Jean-Pascal Flavien: Viewer in Maricá
26 October–22 December 2007, Brussels
Viewer in Maricá
The exhibition comprises four new works and articulates many interests of the artist such as architecture, science fiction, printed matters whether in the form of books or posters, music in relation to sculpture and architecture.
The piece Sci-fi film, 2007 is a colour, 7 min 28 sec film shown in loop with an original music by American composer Giancarlo Vulcano. This music is saturated the same way the image itself is. The film present the “Viewer” an architecture recently built by Flavien in the near of Rio de Janeiro. This building was first developed in a series of drawings in which it was set in tropical or antediluvian landscapes and desert climates, and at times placed beside dinosaurs. Flavien is less interested by projections of the future or technology than by anachronisms, chronological deviations that all allow him to activate a different temporality in his work.
It is thought as a science-fiction film. There is no human element visible the whole the duration of the film, except for the building itself. Its time, or “époque” could be one of a great past, and at moments, one from a far future. The image is emphasizing on its electronic nature, and on its limits within the camera frame. Shot with a small photo camera, the red colour of the building saturates the images. The house touches the frame, plays with the light adjustments of the camera, the changes and disruptions of colour balance when moving… The sound of the film is written to accentuate these effects, taking the house, and the other elements, sun, landscape, grass, as sources of radiation, creating saturations, revealing the frame. The film is played in loop. It uses a red electronic noise, instead of black between displays. It is projected in an open booth; the sound is asymmetrical, located on the right side of the projection.
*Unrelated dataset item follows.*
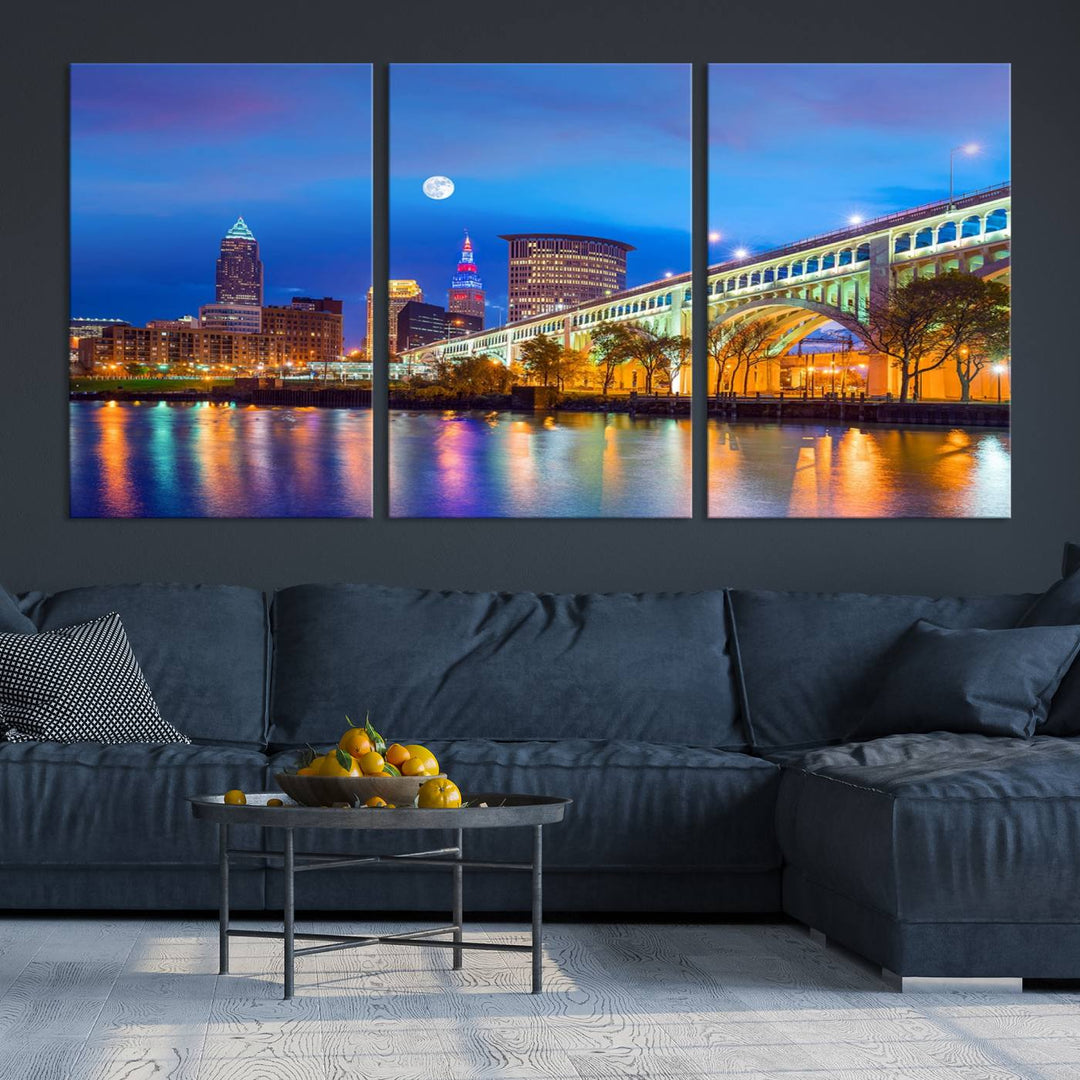 The Cleveland Night Skyline Wall Art City Cityscape Canvas Print portrays a city skyline and bridge lit up against the night sky. This artwork is printed on museum-quality canvas with a gallery-wrapped finish and features a UV-protective coating to ensure lasting vibrancy.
The piece « Discussion » is a double model (painted cardboard) of the Viewer. Inside each one a speaker is connected to a two tracks source, playing a specific sound for each model a specific sound. They act like sources of emitted sound, one responding to the other hence the discussion. One sound is low in pitch, the other higher in pitch. The two models are presented on a table, a wood construction like the ones used by vendors on the street of Rio de Janeiro.
The invitation poster also presented in the space is the only thing lighted with a spot. It shows another aspect of science fiction. It features the viewer at night, the scenery sort of reminding “Encounter of a third kind”. Maricá is the name of the place where the viewer has been built.
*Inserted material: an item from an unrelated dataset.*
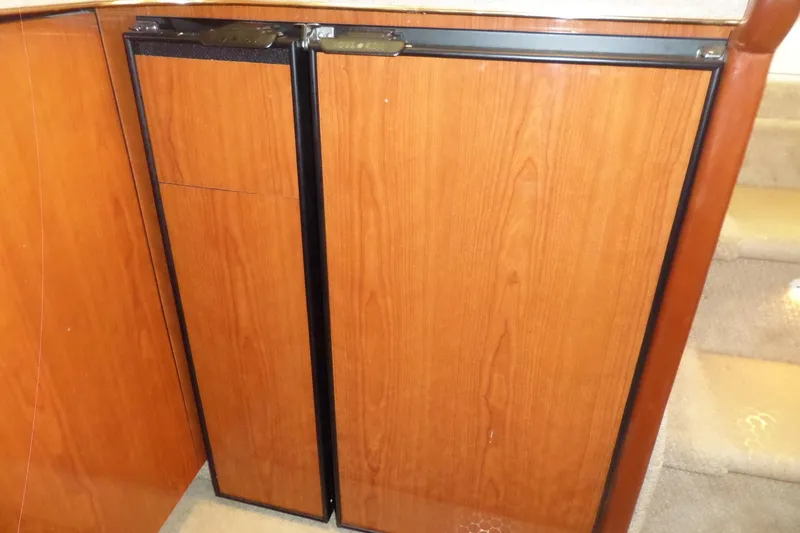 Slide: The Image of Wooden cabinetry on a 2000 Sea Ray 380 Aft Cabin yacht interior. - 78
The fourth piece in the show “Micro-films” is presented in a separate room. A series of very short sequences have been shot during the construction of the house in Rio. In most of them the two carpenters involved in the construction become characters of their own. They seem to be linked to the building, but not in the relation to a constructive activity. Their movements and gestures do not seem to participate to the process of building. The two protagonists have also been asked to perform gestures, like walking in circle, go and come back, pass object around… Some animals near the site, snakes, also feature in the film.
For each of the selected micro-films, Giancarlo Vulcano has written some music. The “Micro-films” will be presented in a double projection, one above the other. At times there will be two films playing together, at other times only one and sometime nothing. The music pieces that accompany every micro-film interfere with one another like the sound of several bees.
Exhibition views
About the artist
Jean-Pascal Flavien
Jean-Pascal Flavien was born in France in 1971. He lives and works in Berlin.
Jean-Pascal Flavien’s practice combines elements from architecture, sculpture, and the performative, to create works that are both precise and concrete but also poetic and evocative. The models of houses, for example, are generated from settings imposed by the artist. Like preliminary sketches of large-scale paintings, his models for houses are maquettes for possible scenarios and perhaps views from the past or future of these fictional buildings. His altered domestic objects, such chairs, tables, outlets or blinds draw attention to the way in which design and architecture shape our experience of space but also how they can more fundamentally determine our experience of ourselves and of others.
Represented in Berlin by Esther Shipper.